The Missionary Research Library (MRL) Collection contain over 160 unique collections from missionaries and missionary organizations from six continents in the late 19th and early 20th centuries, with special strength in early 20th century China, Japan, and Korea. This collection contains a broad range of field reports, demographic surveys, and other analytical data. As a result, the MRL Archives document the cultural and social realities of indigenous populations in substantive detail, and will amply serve scholars of religion, historians, anthropologists, economists, and medical researchers, among others.
Founded in 1945 at Union Theological Seminary, the William Adams Brown (WAB) Ecumenical Library Archives contain over 30 collections, which serve as a source for the documentation and study of modern ecumenism. Today the WAB Archives include records of local (NYC), national, and international ecumenical organizations and communities, as well as records from ecumenical conferences (Protestant & Catholic dialogue) that have shaped global Christianity.

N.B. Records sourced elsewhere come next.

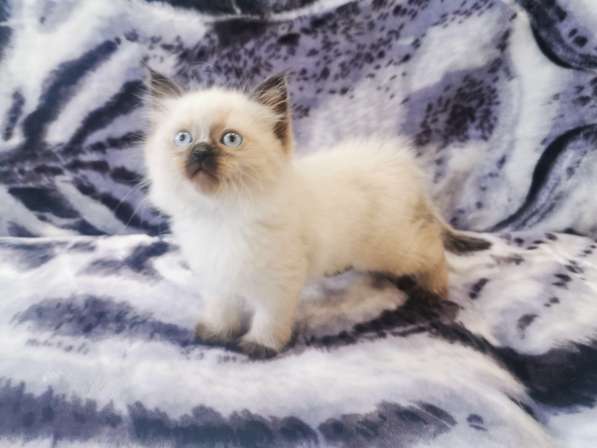 Котята рэгдолл в Санкт-Петербурге фото 7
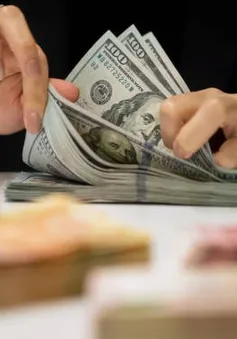 FED được dự báo giảm lãi suất liên tục từ năm 2024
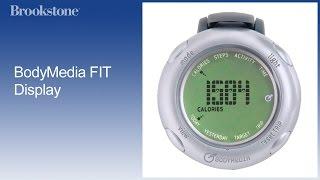 BodyMedia FIT Display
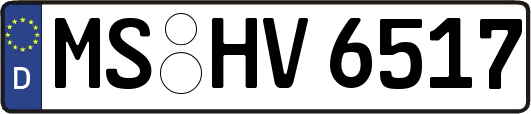 MS-HV6517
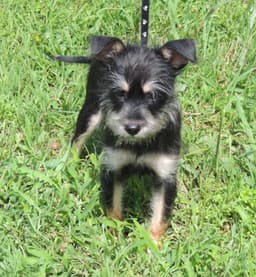 Puppy Bennie image 2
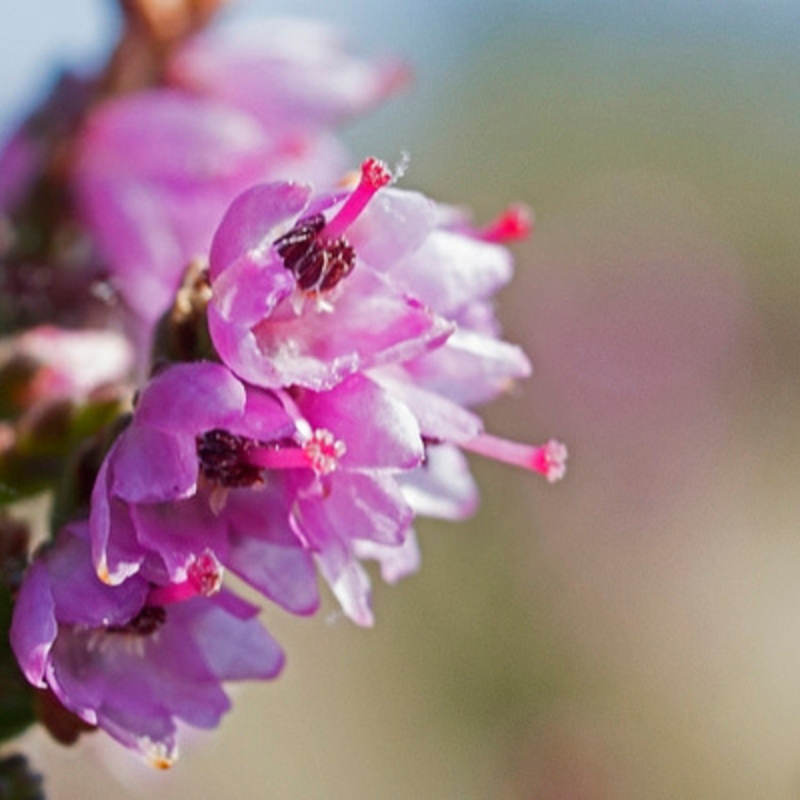 heather plant seeds Heather Seeds (Calluna vulgaris) – Hardy perennial with tiny flowers, great for pollinators. Thrives in acidic soil. Drought and cold-tolerant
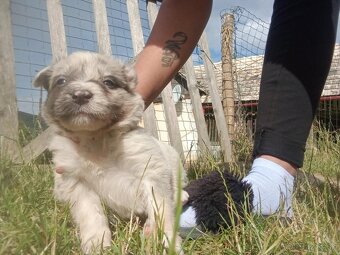 Border kólia blue merle - 2
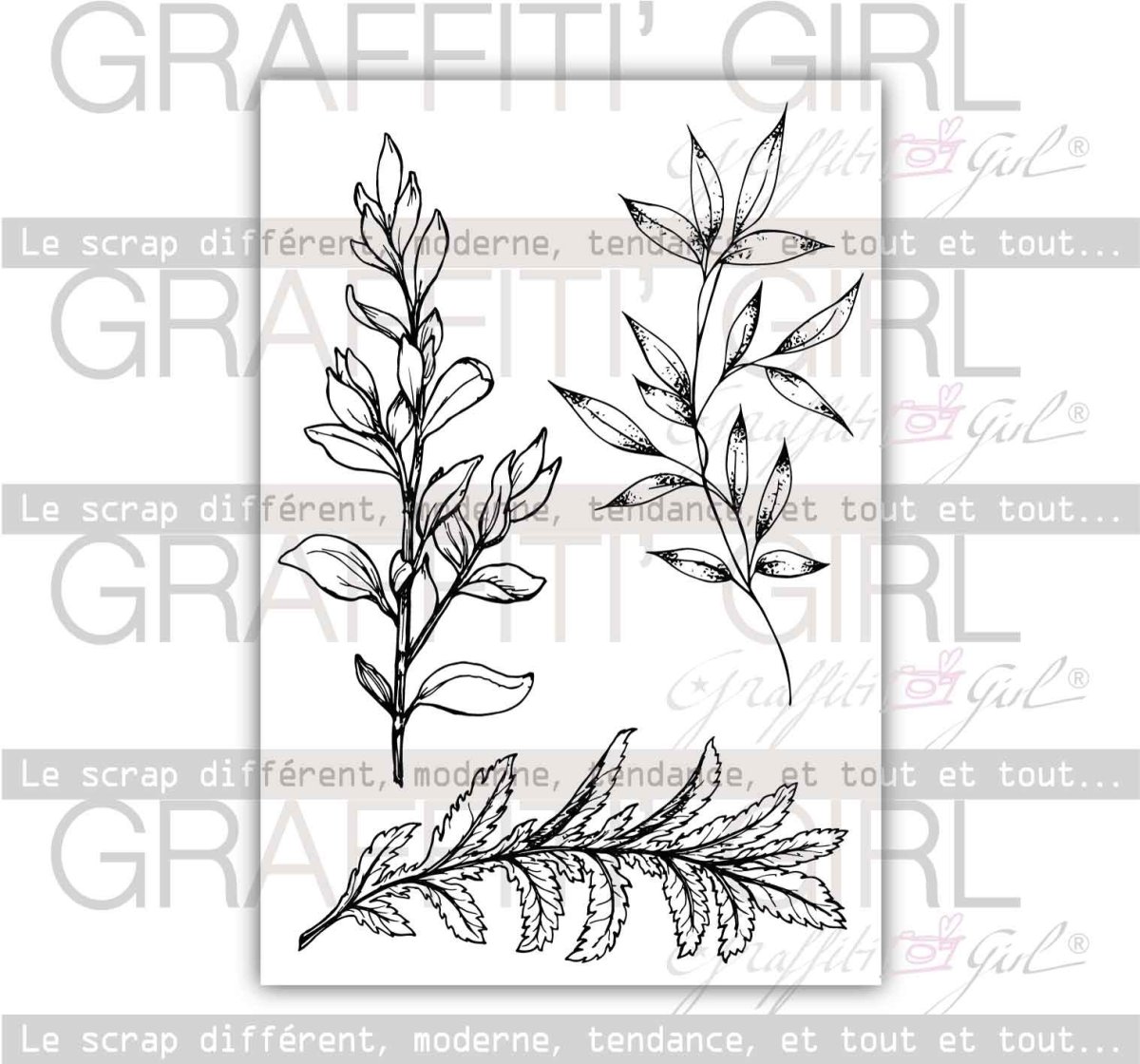 Tampons Transparents Leaves – Image 3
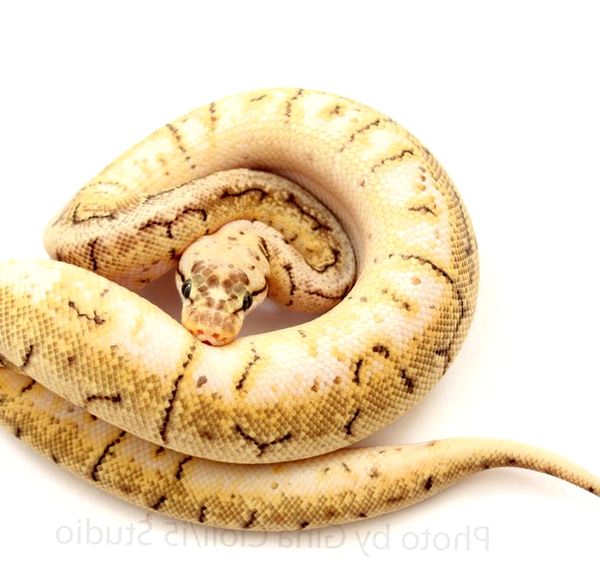 Historia de Ball Python Morph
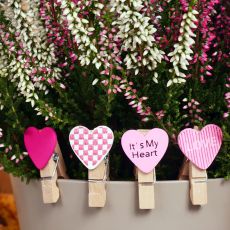 Klamerki drewniane mini IT'S MY HEART (10szt.)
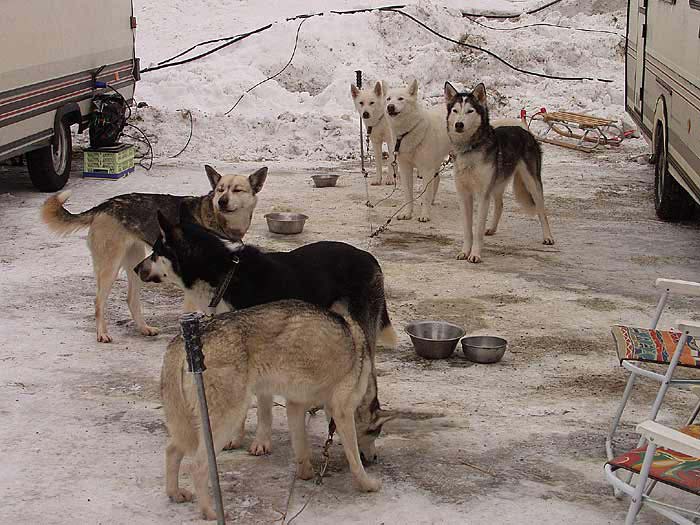 2003 schlittenhunde030.jpg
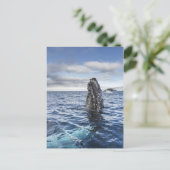 ザトウクジラのSpyhops |の希望湾、南極大陸 ポストカード (スタンド正面)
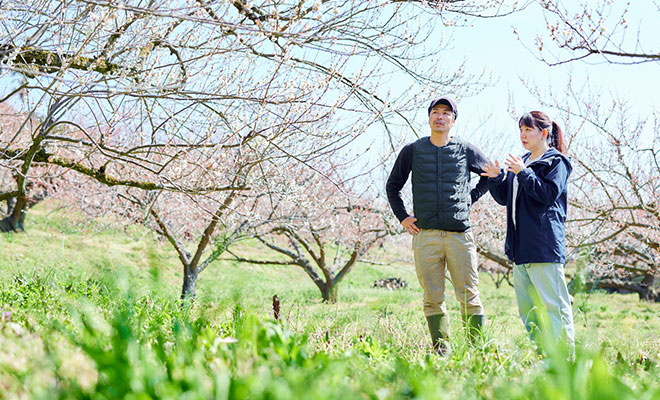 満開の梅畑に立つ今井さんと長谷川さん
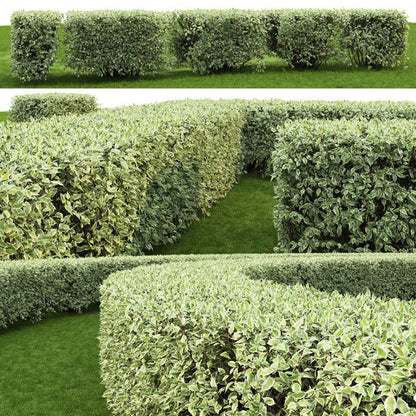 Corn alb "Elegantissima" /Cornus alba "Elegantissima"/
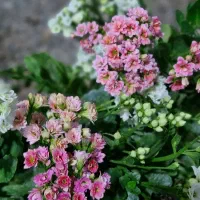 هرس کردن درختان کندن باغچه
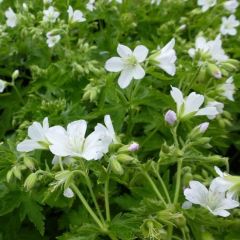 Geranium sylvaticum ‘Album’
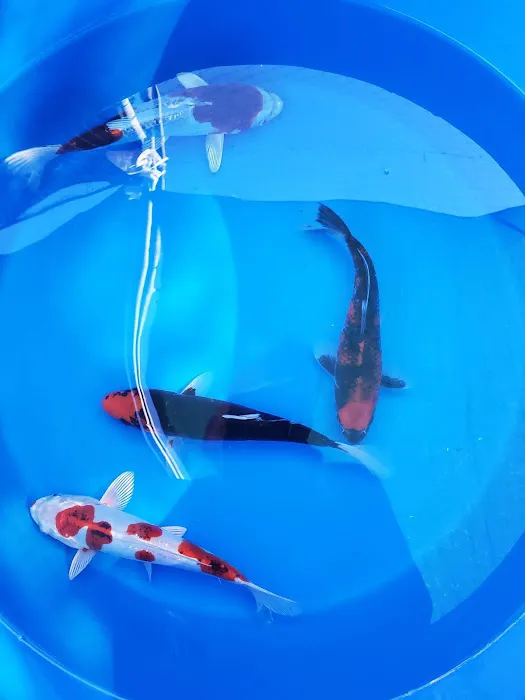 Black River Koi Picture 7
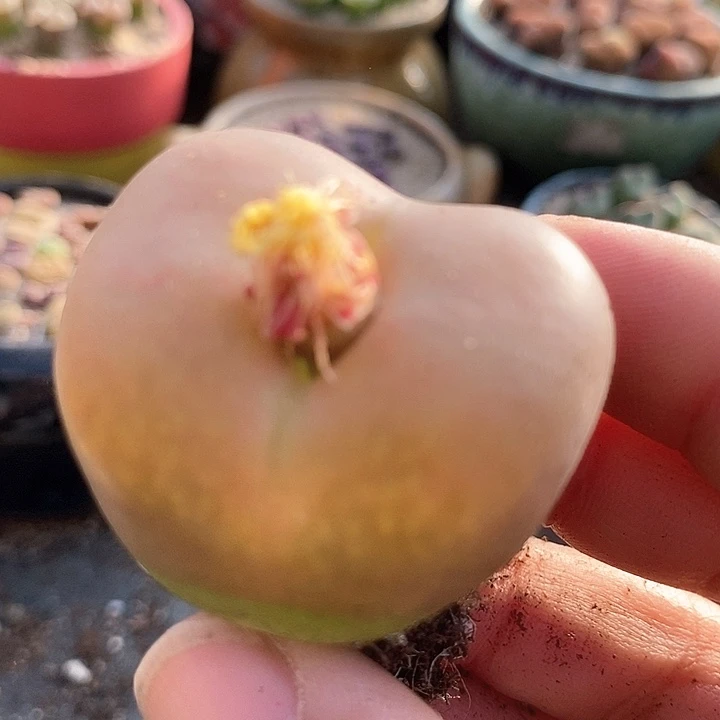 4516巨大巨大一颗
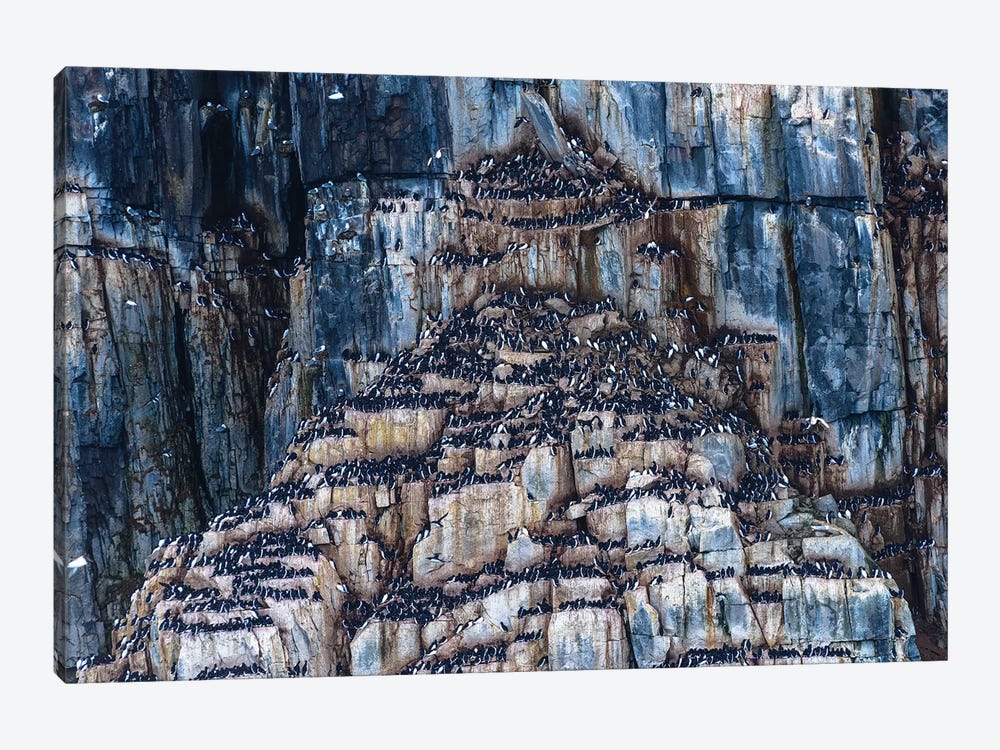 Norway, Svalbard, Spitsbergen, Alkefjellet. Thick-Billed Murre Colony. by Yuri Choufour 1-piece Canvas Wall Art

Have you always been an archivist? Have you always wanted to be an archivist?
I have always wanted to be an archivist and have set my career path with that in mind. I took jobs as an undergrad and graduate student processing archival collections, and my first professional job as an archivist was at the Historical Society of Frederick County, Maryland. I was there for three years and due to the budget and other issues, I went from being in a 3-person department to being the only one in my department. At that time, I took over the Research Center and became the Archivist and Research Center Coordinator.
Do you enjoy your job, what drew you to this job? What is your favorite aspect of your job? Least favorite?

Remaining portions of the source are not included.